Love it or hate it, the 1911 pistol is kind of a big deal, even if just for its longevity. Just past the turn of the previous century, the Army figured out it wanted an autoloading handgun with similar ballistic capability to the .45 Colt which had served them well. Since our military folks rode around on horseback at that time, features like easy one-handed operation and grip safeties were important. If you drop your handgun mid-gallop, you don’t want it to go off when it hits the ground.
In response, John Moses Browning, may he rest in peace, came up with the 1911. The Army liked its ease of use and hard-hitting power, which, according to 1911 guru Robert Campbell, is like “a velvet covered brick.”
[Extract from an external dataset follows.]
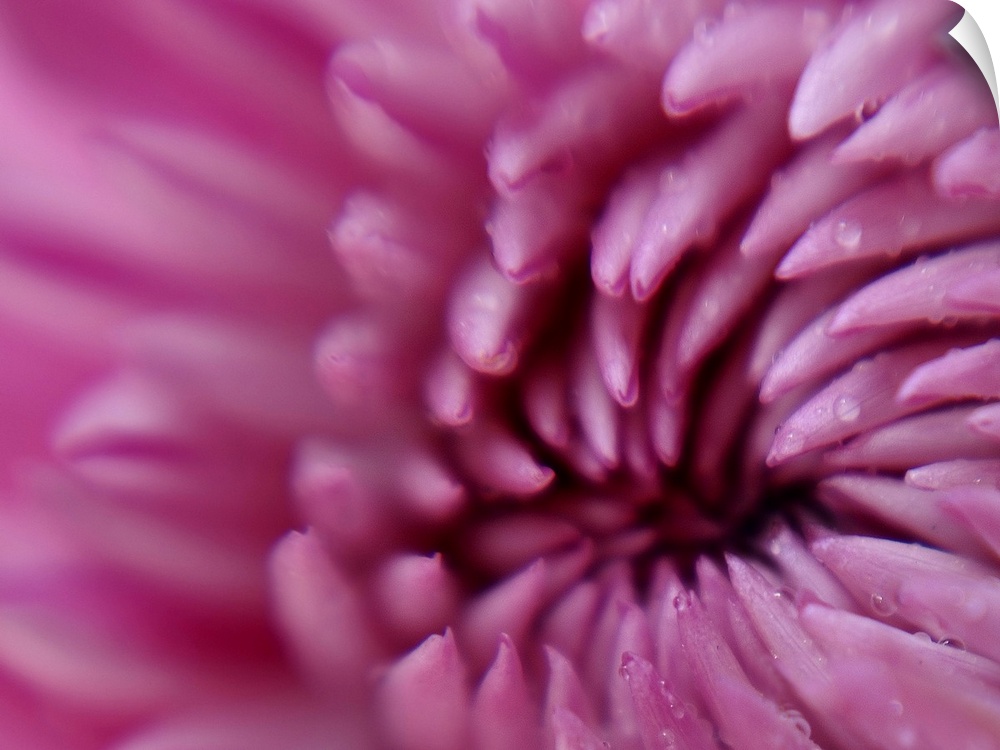 This is an extreme close up photograph of drops of water on a flower on a horizontal canvas.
You’ll hear gun folks talk in reverential tones about the pistol named 1911. Yes, it’s a year, but it’s also pistol design. Not a manufacturer or a specific model, but a design – kind of like how a pickup truck is a design. Lot’s of car manufacturers make pickups, and you can get them with different size engines, but they all have some common features, like seats in the front and a cargo bed in the back.
What makes a 1911 a 1911?
The purist definition of a 1911 might be an a pistol that exactly copies John Moses Browning’s famous design produced in the year, you guessed it, 1911. But even that was tweaked by the military a few years later with the A1 model. Since that time, thousands of gunmakers have produced 1911-style pistols with various tweaks to the original design.
At what point do “design enhancements” cause a gun to be something other than a 1911? Are there design features that, if tampered with, cause a 1911 to morph into something else?
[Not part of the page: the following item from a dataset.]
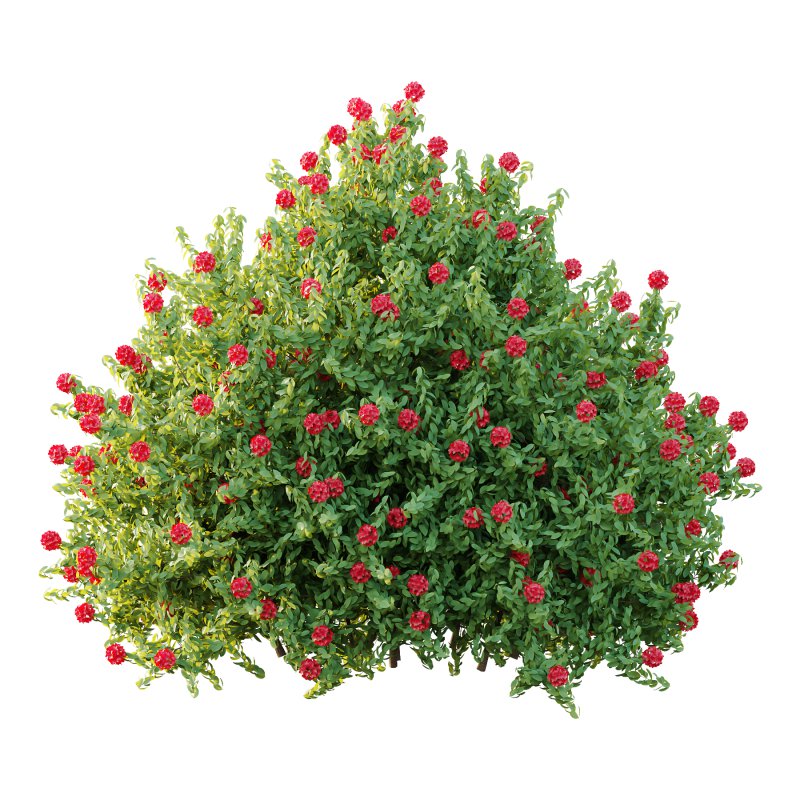 Rhododendron Arboreum Bush 06 - Image 1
Perhaps the best way to define the 1911 is by the collection of characteristics:
Short recoil operation with tilting barrel and swinging link
You’ll notice that 1911 pistol barrels have a moving link on the bottom under the chamber. As the pistol fires, the barrel and slide move backward together for a short distance. At this point, the link rotates the breech end of the barrel downward, unlocking it from the slide. This allows the slide to travel backward and eject the spent cartridge case. The recoil spring sends the slide forward, picking up a fresh cartridge along the way and recapturing the barrel.